I need to extract objects from an array, where there's more than one object in that array I need to repeat for every id and if the field is null then I want to append an empty string for that record.
I will explain the method I'm trying to follow.
The dataset can come either looking like this:
{
"id":{
"$oid":1234
},
"orderDelivery":{
"deliveryFee":3500,
"deliveryInstructions":null,
"deliveryIssueIds":null
}
}
OR like that:
{
"id":{
"$oid":1233
},
"orderDelivery":{
"deliveryFee":3500,
"deliveryInstructions":[
{
"createdOn":1635762179390,
"deliveryMessage":"delivered"
},
{
"createdOn":1735762179390,
"deliveryMessage":"not door"
}
],
"deliveryIssueIds":null
}
}
if the deliveryInstructions is null then I want the table to look like this:
| id | createdOn | deliveryMessage |
|---|---|---|
| 1234 |
When the deliveryInstructions is not null then I want it to repeat for that id when I create a table:
| id | createdOn | deliveryMessage |
|---|---|---|
| 1233 | 163576217939 | delivered |
| 1233 | 1735762179390 | not door |
I tried implementing it like this but I didn't win:
if df[deliveryInstructions].isnull():
df_out.withColumn("CreatedOn", "").withColumn("deliveryMessage","")
else:
df2 = df.eplode(deliveryInstructions)
df_out.withColumn("createdOn", df2[CreatedOn])

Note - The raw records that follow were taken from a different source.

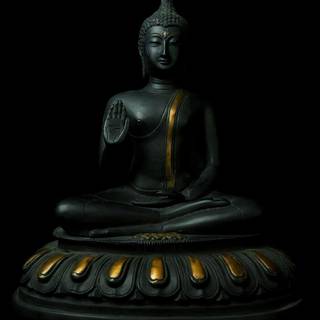 Dark Buddha wallpaper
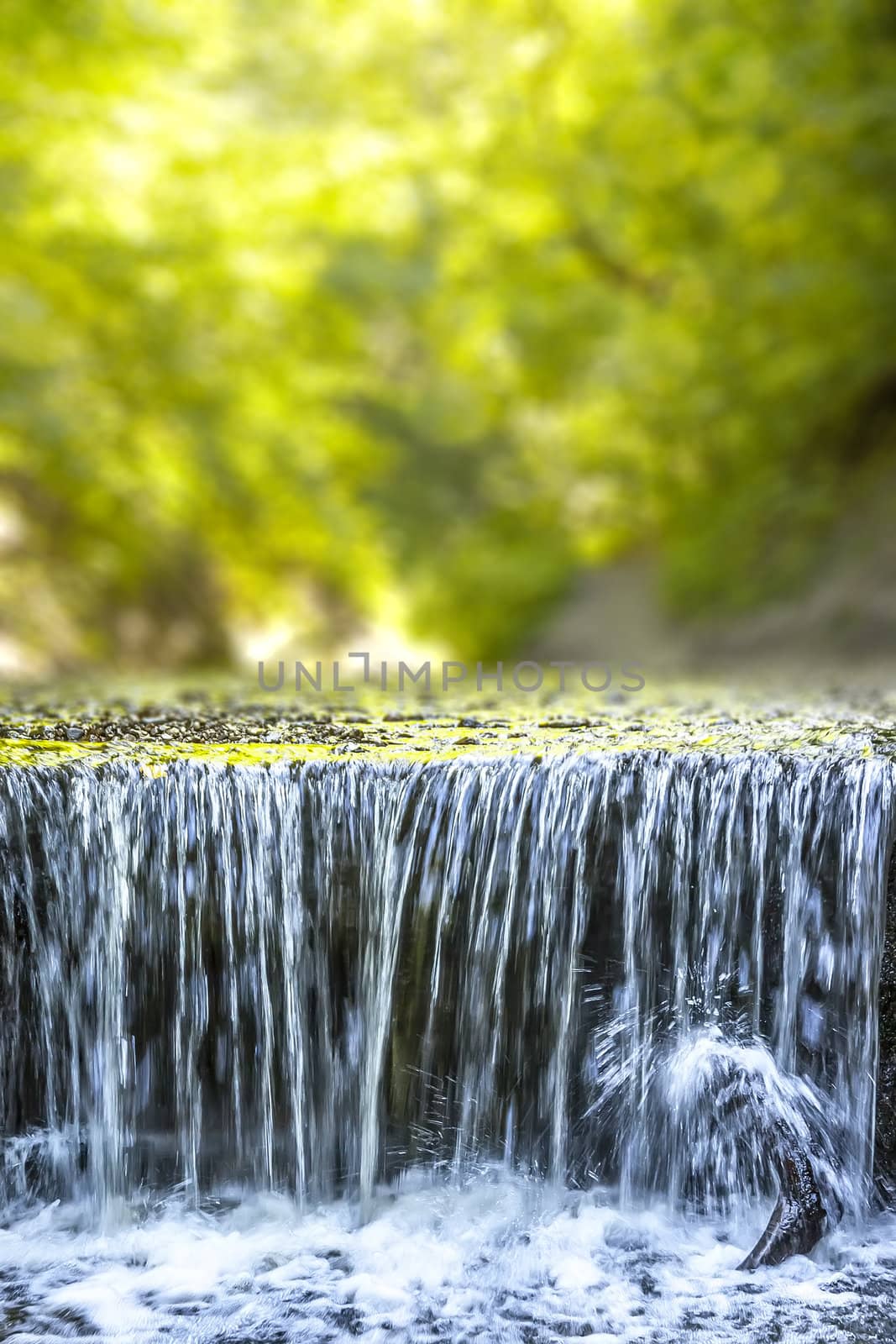 An image of the nice waterfall at the Pähler Schlucht in Bavaria Germany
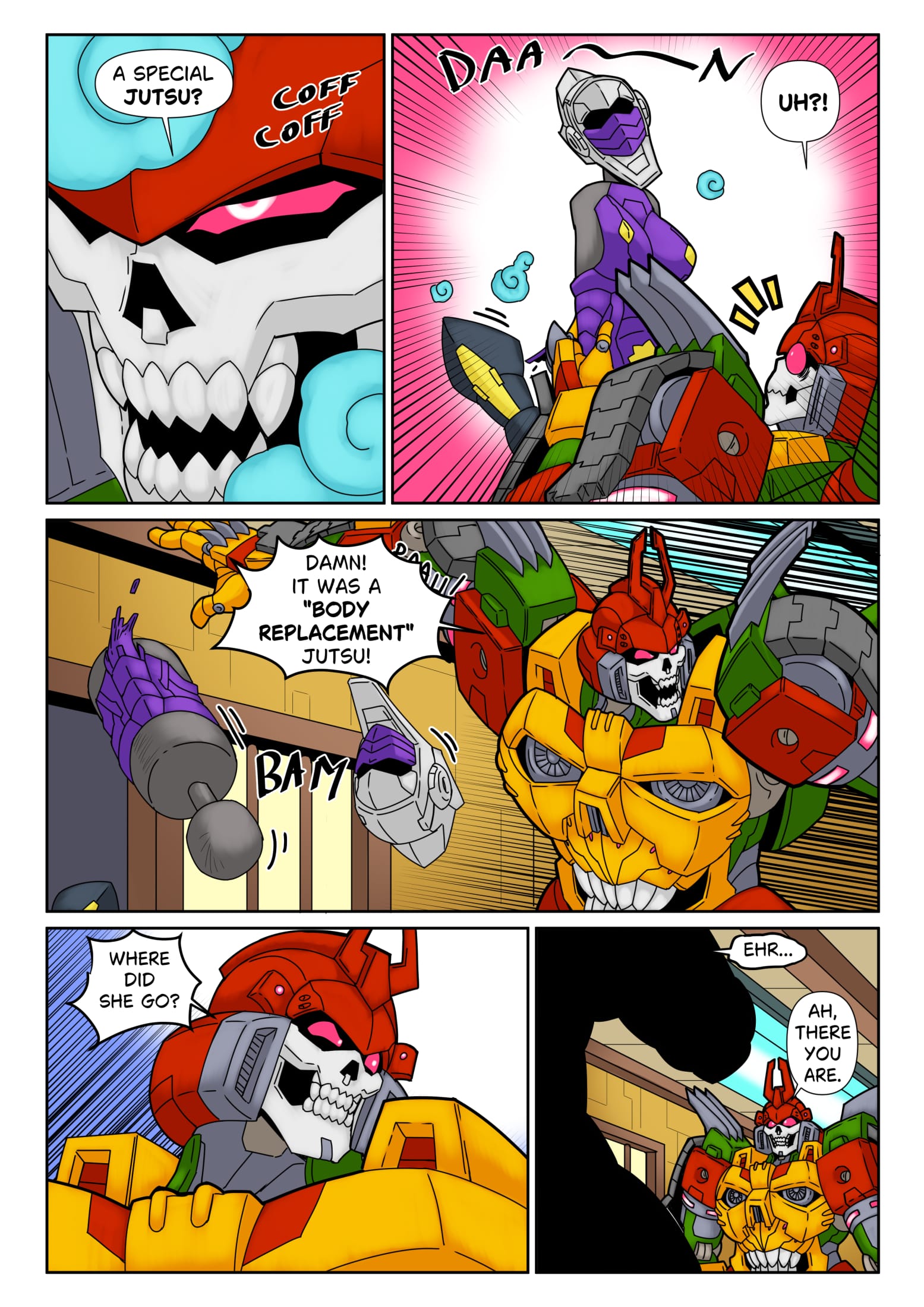 Ninja Training Grounds (Transformers) [MAD-Project] Chapter 1 - Page 15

df_out.withColumn("deliveryMessage", df2[deliveryMessage])
I am reading in df like this:
df= spark.read.option("multiline", "true").json(inputfile)

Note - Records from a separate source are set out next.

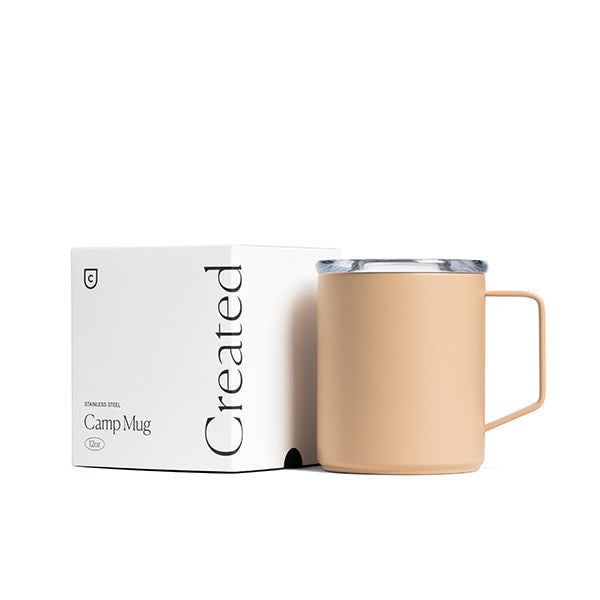 12oz Camp Mug - Desert Tan - We The Collective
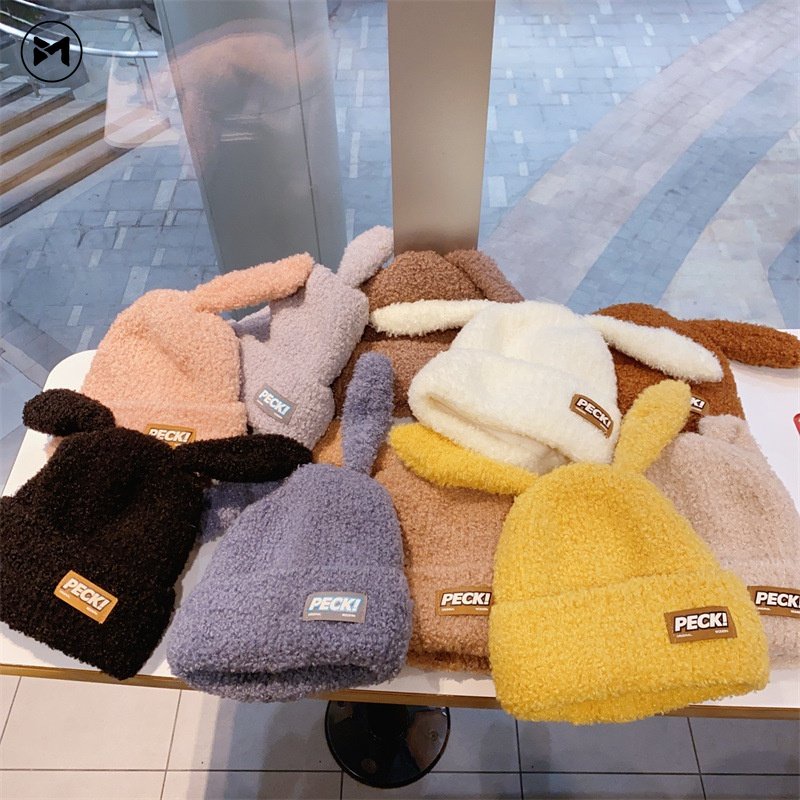 Hàng Mới Về Mũ Len Dệt Kim Giữ Ấm Tai Thỏ Chống Lạnh Mùa Đông Hàng Mới 2022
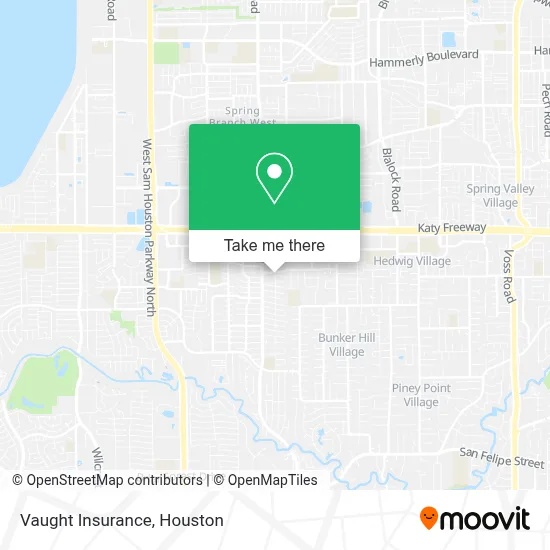 Vaught Insurance map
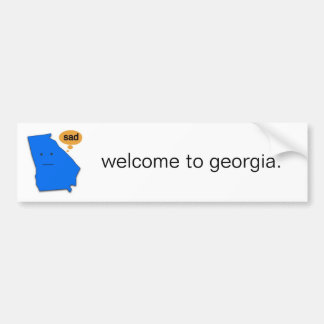 Willkommen zu Georgia Autoaufkleber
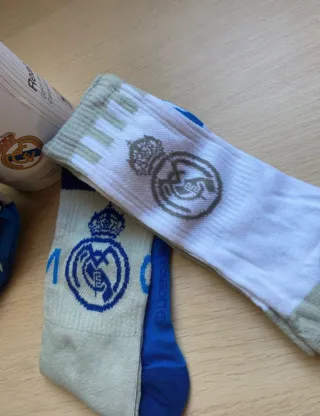 Bote Real Madrid con calcetines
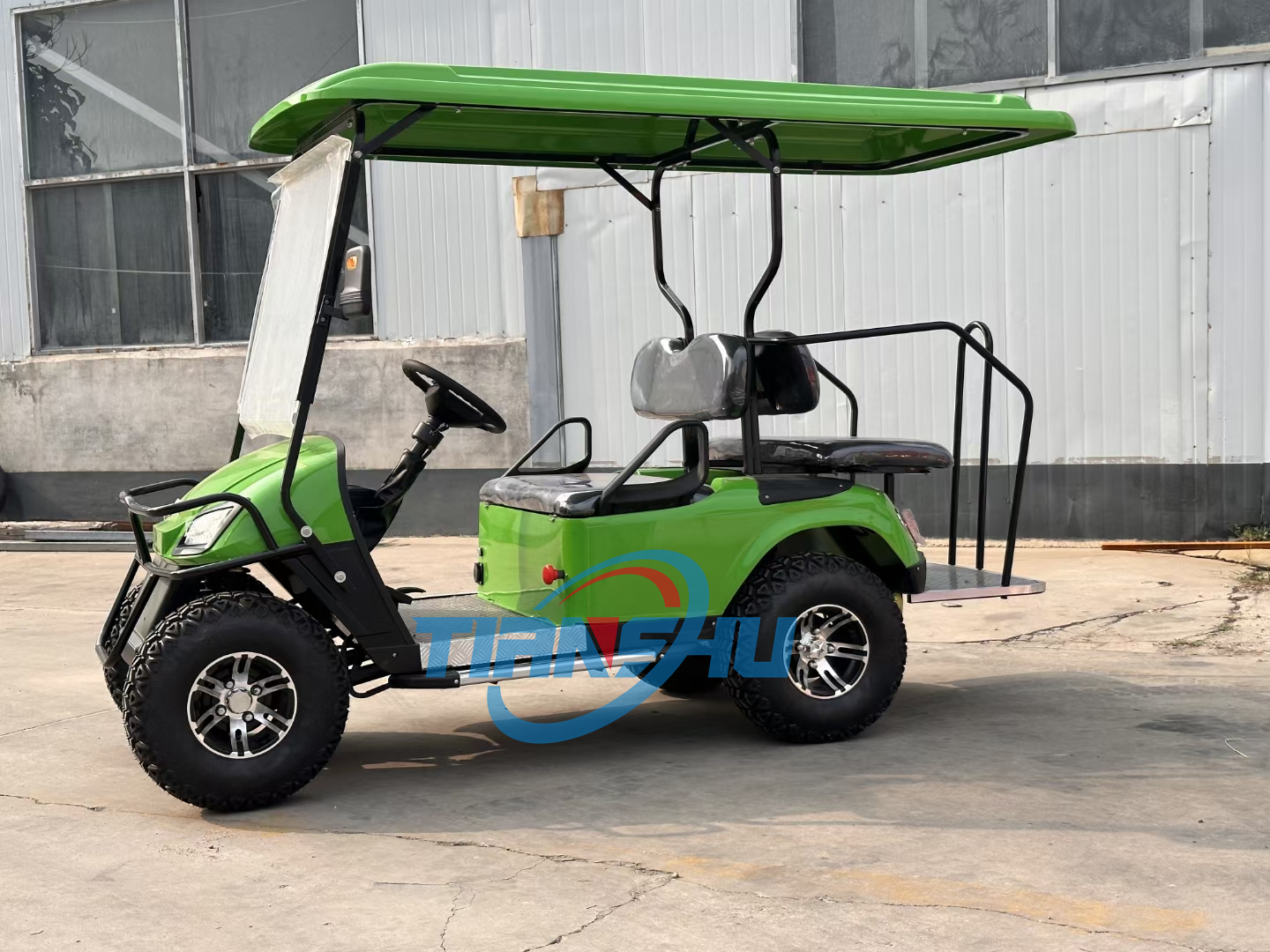 Club Car Autonomous Sightseeing Car 60Ah/48V Lithium Phosphate Battery Off Road Golf Cart Small Electric Golf Cart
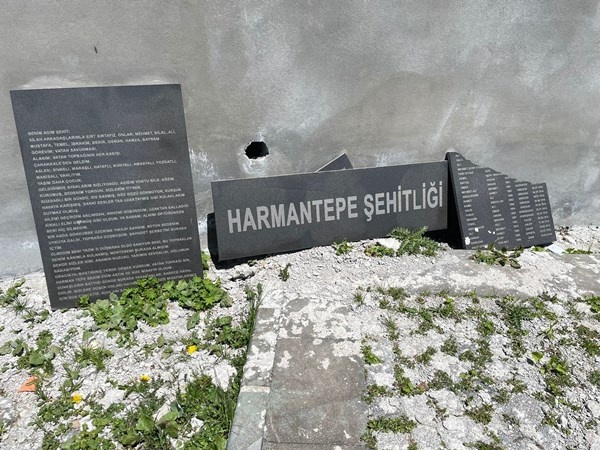 Trabzon'da Harmantepe Şehitliği’nin içler acısı hali. Foto Galeri 2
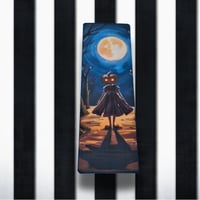 Image 1 of Bookmarks Halloween 2025 Girls - Pumpkin headed girl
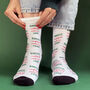 Personalised Naughty Or Nice List Christmas Socks, thumbnail 1 of 1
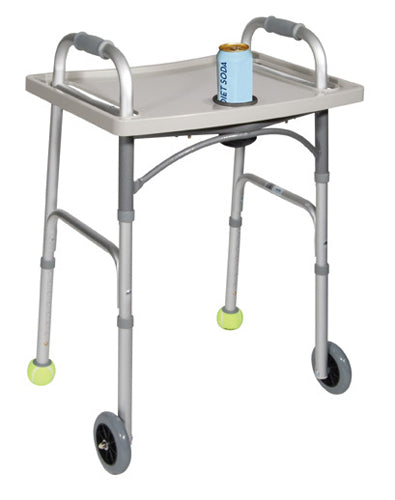 Plateau de marche universel avec porte-gobelet Gris Drive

df_out has been defined like this, there are more fields in json but I am interested in adding the deliveryInstructions to df_out when it is null and when is it not as explained, I just need to add instructions since I find them complex:
df_out = df.select(
df["id"]["$oid"].cast(StringType()).alias("order_id")
)
Can anyone assist?